**** DATASET ENTRIES
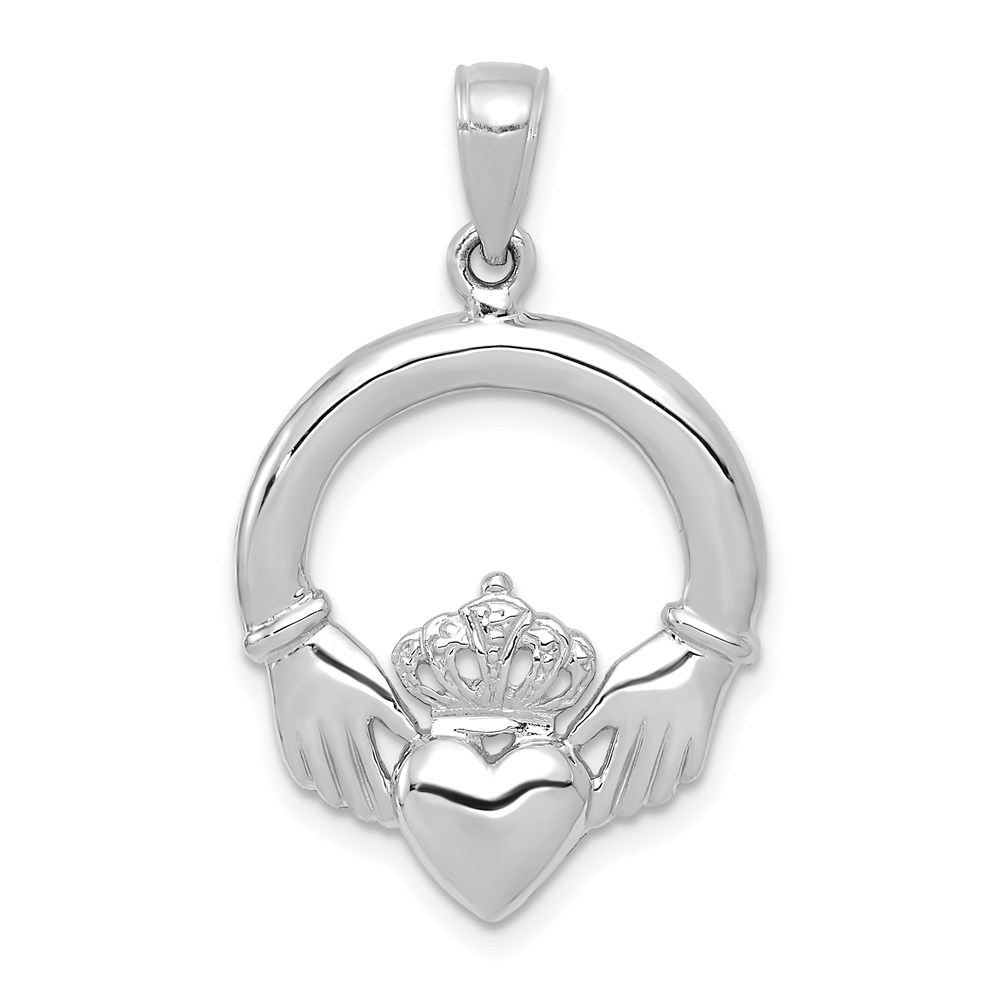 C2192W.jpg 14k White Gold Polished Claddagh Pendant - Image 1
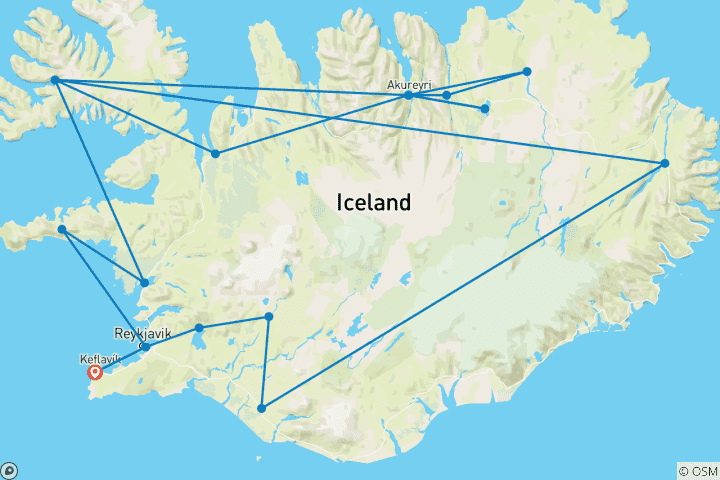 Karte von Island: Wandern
********
**** DATASET ENTRIES
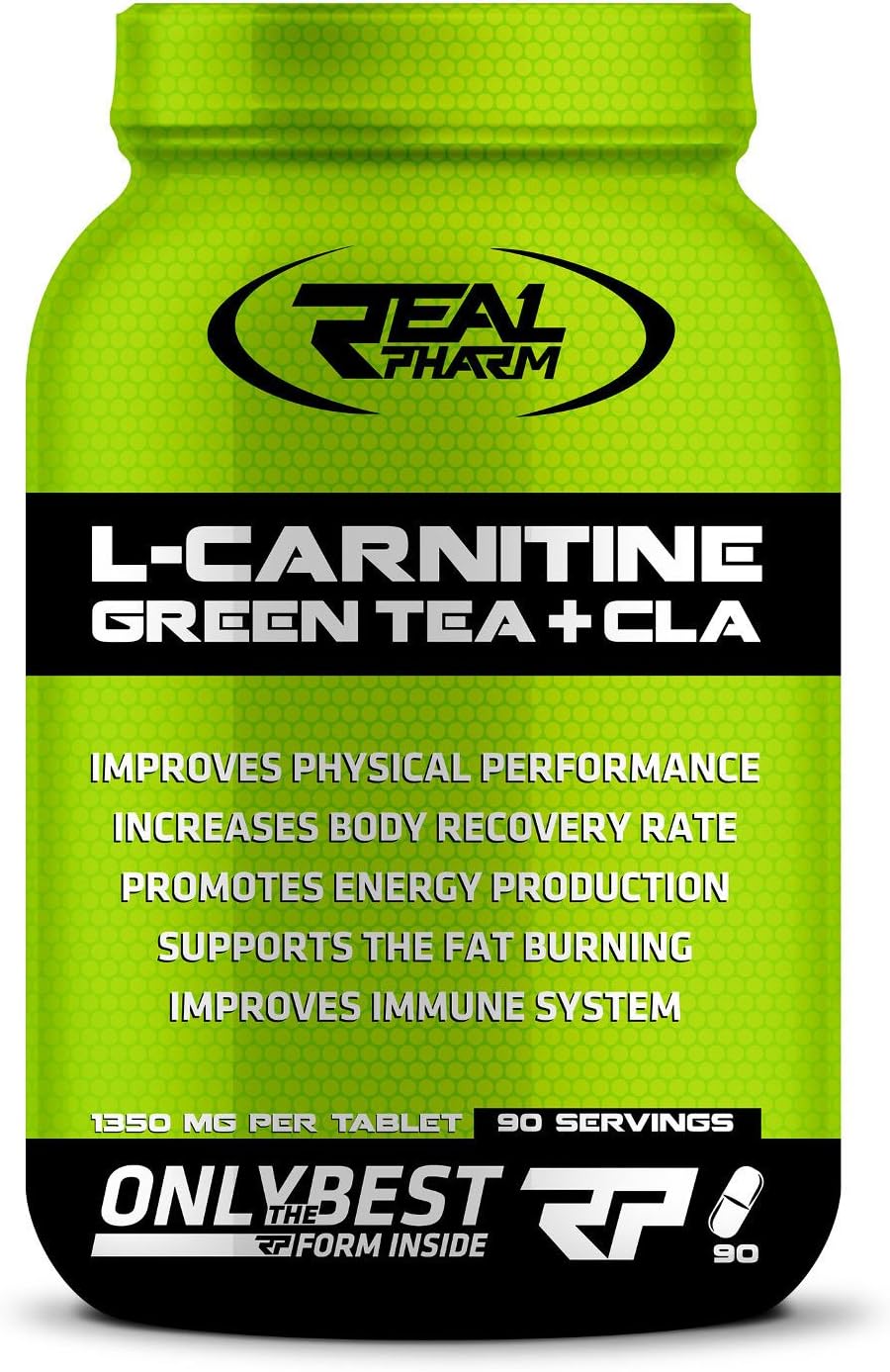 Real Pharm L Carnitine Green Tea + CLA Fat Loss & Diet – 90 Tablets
********
> **WORK ITEM**
Would you output the lines above from the line holding "C2192W.jpg 14k White" up to and including the line holding "Karte von Island: Wandern", exactly and only those, with no pictures?

> **EXERCISE RESULT**
 C2192W.jpg 14k White Gold Polished Claddagh Pendant - Image 1
 Karte von Island: Wandern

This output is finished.